I am going to guess that reparameterization so that boundary effects are not as noticeable is what needs to be done. Also worrisome would be some sort of quasi-separation for the probability of a zero across the level-2 units. If that happens, well, there is the R package glmer(), but I don't think you would be happy with that either, as I don't think you will be able to load everything into RAM, given the data and the possible size of the matrixes involved.

So, if reparameterizing doesn't work, then you might have to go for a Bayesian approach that uses Monte Carlo methods.

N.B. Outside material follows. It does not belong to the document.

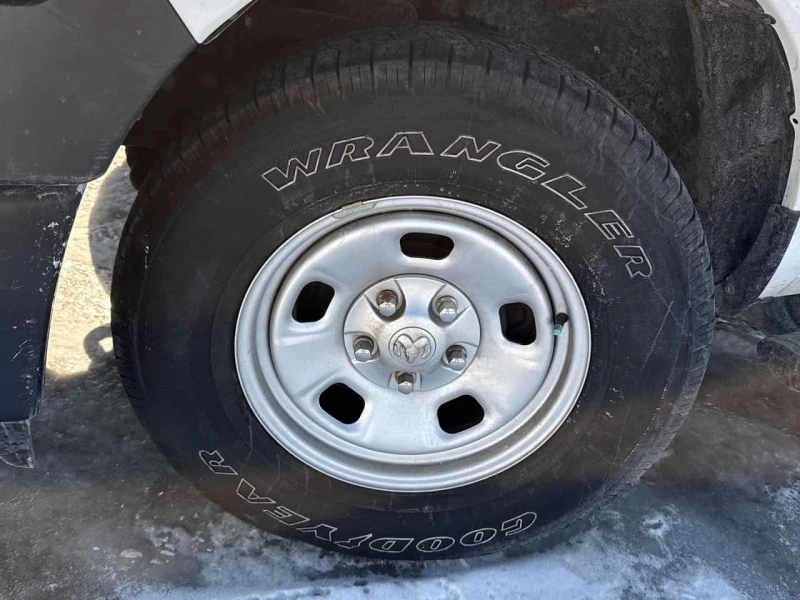 Dodge RAM 1500 Classic Tradesman 4x4 Crew Cab | 2 КЛЮЧА | 5.7 V8, снимка 7 - Автомобили и джипове - 53574158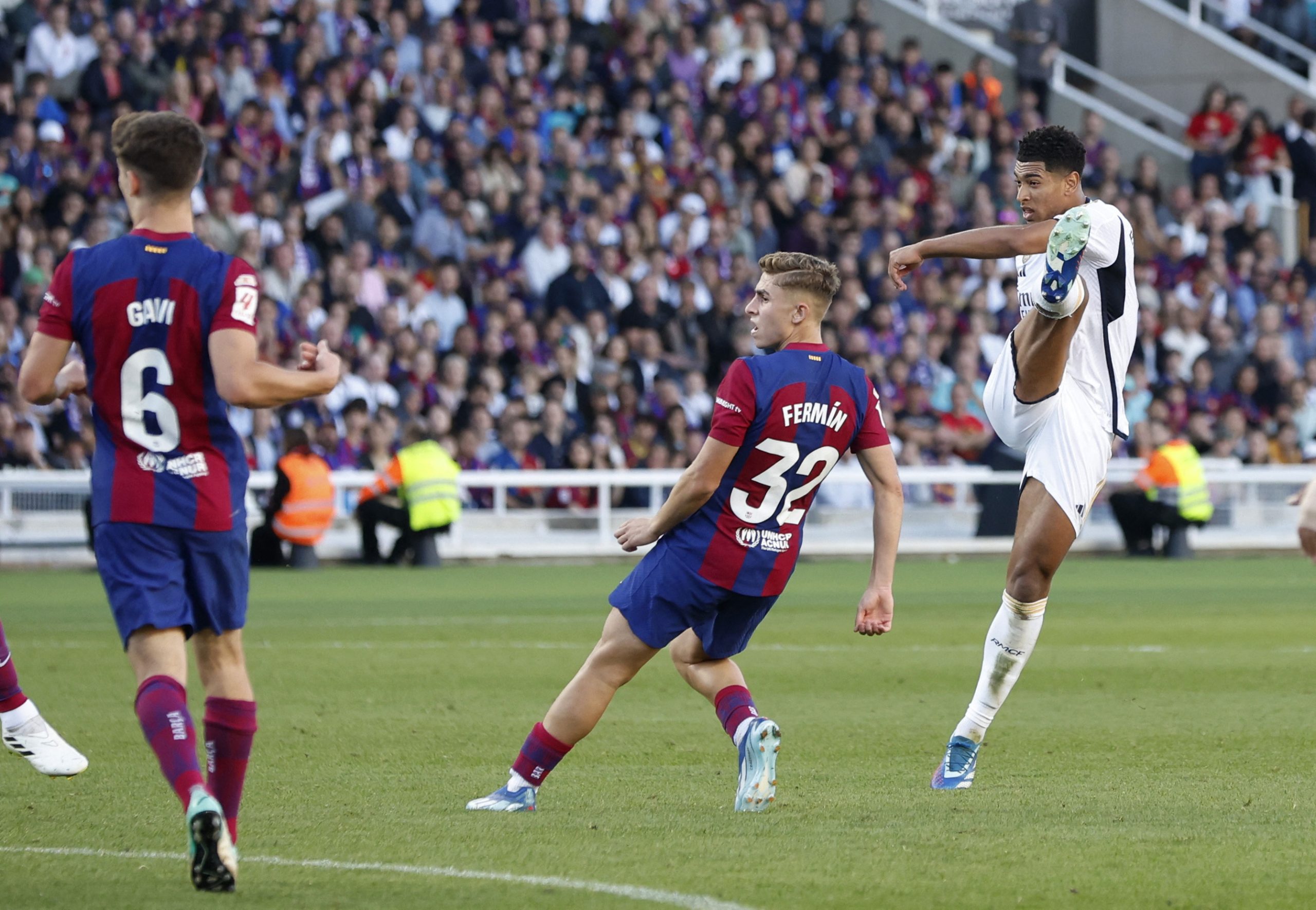 Bellingham produced a stunning strike in his El Clasico debut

What is the parameterization you are currently using, if you don't mind sharing?

Steve Denham

jsberger · Posted 12-30-2013 03:44 PM

Here's the code i've been using...any insights for improvements are greatly appreciated:

proc nlmixed data=mtest.&fn method=gauss qpoints=50;

parms a0=1.6549

asex=-.7043

aasian=.5559

ablack=-1.3403

ahisp=-.7020

aamind=-1.0654

amulti=-.8059

aec=-.4590

alep=.2021

aoverage=-.4825

usiga=.7648

mu_a0=0

b0=-6.8186

bsex=.9558

basian=-.5166

bblack=1.5365

bhisp=.7507

bamind=1.2369

bmulti=.9586

bec=.5113

blep=-.2454

boverage=.7596

mu_b0=0

usigb=.6051

cov_uab=0

k=1;

zinb_p=min(max(1/(1 + exp(-(a0 + u0a))), 1E-200), 1-1E-200);

eta_nb=b0 + bsex + basian + bblack + bhisp + bamind + bmulti + bec + blep + boverage + u0b + ln;

etaxB=b0 + bsex + basian + bblack + bhisp + bamind + bmulti + bec + blep + boverage + ln;

etaxBzG=b0 + bsex + basian + bblack + bhisp + bamind + bmulti + bec + blep + boverage + u0b + ln;

lambda = exp(eta_nb);

p0=zinb_p+(1-zinb_p)*exp(-(numdaysoss+(1/k))*log(1+k*lambda));

p_else=(1-zinb_p)*exp(lgamma(numdaysoss+(1/k)) - lgamma(numdaysoss+1) - lgamma(1/k) +numdaysoss*log(k*lambda) - (numdaysoss+(1/k))*log(1+k*lambda));

if numdaysoss=0 then loglike = log(p0);

else loglike = log(p_else);

model numdaysoss ~ general(loglike);

random u0a u0b ~ normal([mu_a0, mu_b0], [usiga, cov_uab, usigb]) subject=school_id out=rand_zinb (keep=school_id effect estimate);

run;

SteveDenham · Posted 12-31-2013 08:28 AM

There is one parameter I have a question about--ln, appearing in the three eta definitions. It doesn't have a starting value in the parms statement, and so will start out equal to 1. Is that a reasonable value? What does it estimate? Probably won't help the convergence problem much, but...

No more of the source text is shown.